**WHAT YOU WILL DO:**
Print out the full material below, exact in every line, with no images included.

*** THE DATA ***

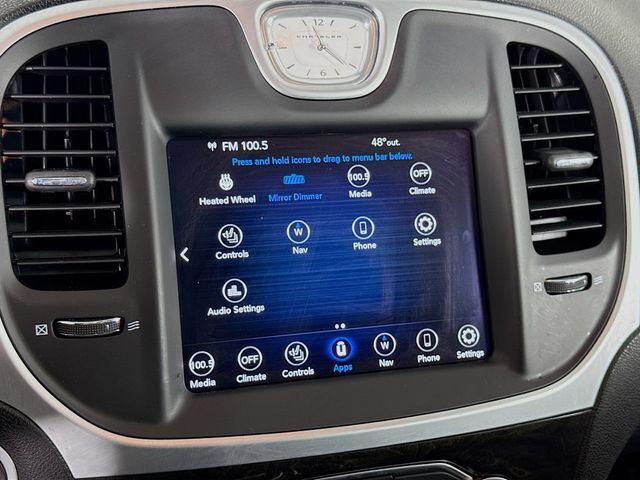 2023 Chrysler 300 Touring Raleigh NC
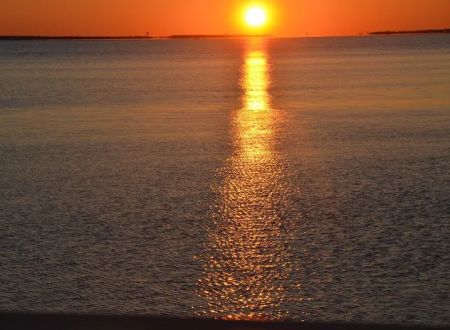 Waters Edge RV Park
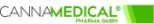 Cannamedical® Pharma Logo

*** End of THE DATA ***

**RESPONSE AREA:**
 2023 Chrysler 300 Touring Raleigh NC
 Waters Edge RV Park
 Cannamedical® Pharma Logo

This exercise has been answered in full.